Dans son premier ouvrage L’art français de la guerre primé en 2011 par le prix Goncourt, Alexis Jennni avait démontré ses qualités de conteur pour évoquer l’épopée ratée des guerres de décolonisation française. Par le biais d’une narration croisée dont celle d’un des peintres des guerres coloniales enrôlé au sein de l’Armée coloniale française, il avait alors utilisé son talent à montrer le rapport de force entre dominants perdus moralement par l’utilisation de la violence et dominés.
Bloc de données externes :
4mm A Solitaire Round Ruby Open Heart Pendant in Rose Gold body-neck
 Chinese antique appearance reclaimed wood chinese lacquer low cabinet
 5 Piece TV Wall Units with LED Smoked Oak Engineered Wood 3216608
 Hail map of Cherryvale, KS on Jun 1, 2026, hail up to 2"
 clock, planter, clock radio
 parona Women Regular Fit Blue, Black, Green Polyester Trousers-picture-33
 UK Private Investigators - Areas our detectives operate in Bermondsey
Son dernier ouvrage, La conquête des îles de la terre ferme paru chez Gallimard en 2017 reprend et réutilise les thèmes déjà abordés dans ce précédent opus. De manière très documentée, il évoque en effet sous forme d’épopée tragique la conquête du Mexique par Hernan Cortès entre 1519 et 1521. On y distingue deux thèmes majeurs qui s’entremêlent tout au long du récit: une épopée menée par des héros portant un regard lucide sur leur exploit mais également sur le tragique de cette conquête marquée par la violence et l’incompréhension entre deux peuples.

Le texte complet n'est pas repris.